Chavez: Man seeking US asylum should be extradited

CARACAS, Venezuela — Venezuelan President Hugo Chavez said Wednesday that his country should ask the United States to extradite a man convicted in 2003 bombings who fled to Miami and is seeking asylum.

Chavez called Raul Diaz a terrorist in a televised Cabinet meeting, saying Venezuela is obliged to request his extradition even though he doubts the U.S. would turn him over.

Diaz maintains he is innocent and had no part in the 2003 bombings of the Spanish Embassy and Colombian consulate in Caracas, which injured four people.

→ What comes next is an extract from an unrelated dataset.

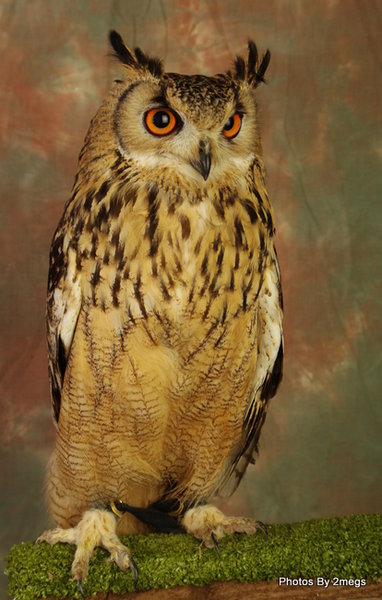 Bengal Eagle Owl
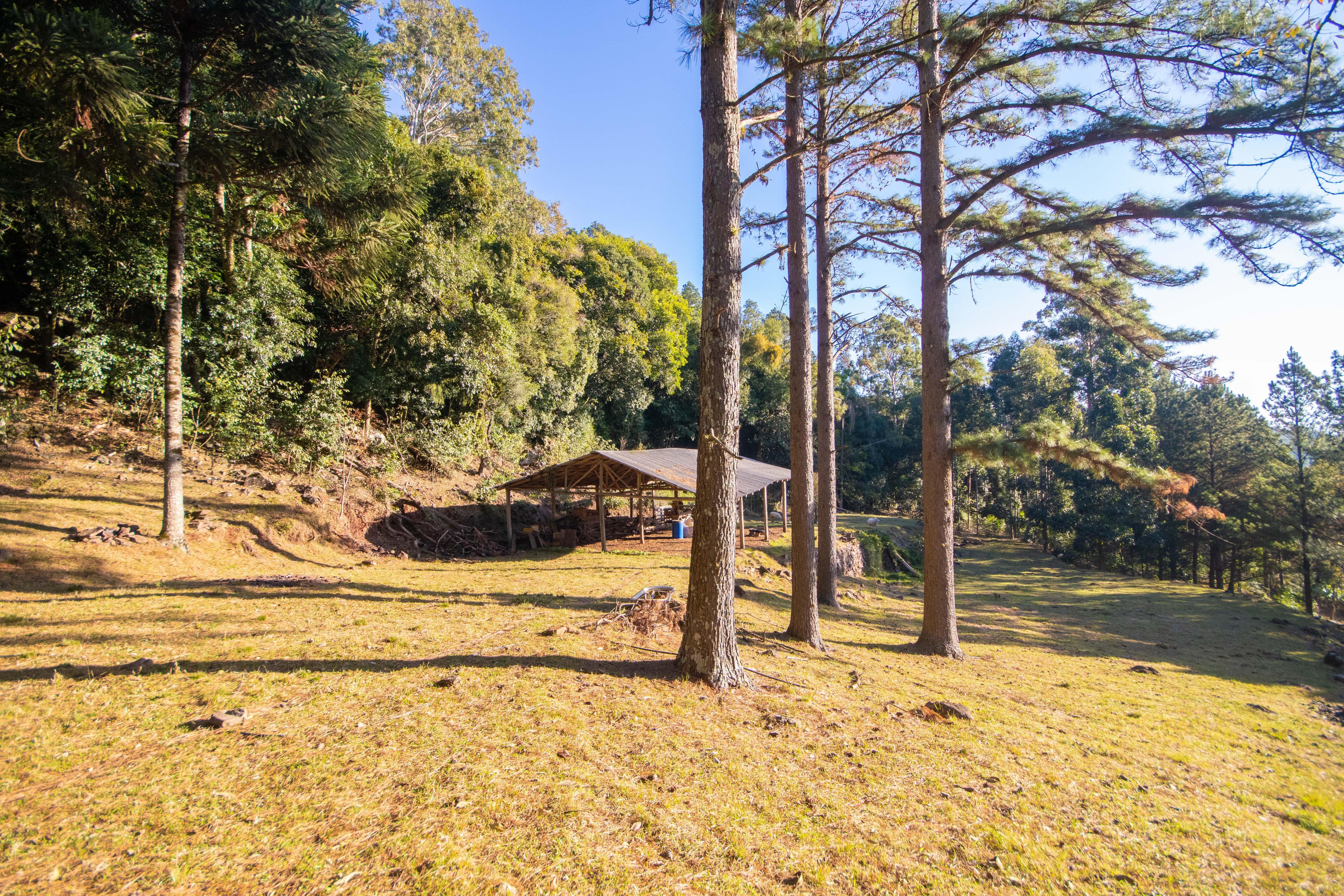 Sítio / Chácara 3 quartos para Venda no bairro Centro em Morro Reuter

Diaz told The Associated Press on Monday that he was able to escape because under the terms given him by a court, he was allowed to leave a prison during the day as long as he returned at night. He said he fled by boat to Trinidad, and flew to Miami on Sept. 5.

Before fleeing, the 36-year-old had served six years of a nine-year prison sentence. He was convicted of damaging property, public intimidation, causing light injuries and conspiracy.

Diaz has called the case against him an example of rights violations under Chavez.

“It was proven that he placed some bombs there at some embassies,” Chavez said, insisting his “extradition must be requested.”

Chavez suggested that the U.S. government, with which he has tattered relations, is unlikely to oblige.

“We know they aren’t going to send him here. … They protect them,” Chavez said.

He added that in the United States, “coup-plotters and terrorists come and go.”

Chavez also cited the case of Cuban militant Luis Posada Carriles, who lives in the United States and is wanted in Venezuela for allegedly plotting the 1976 bombing of the Cuban plane that killed 73 people. Posada denies the accusations.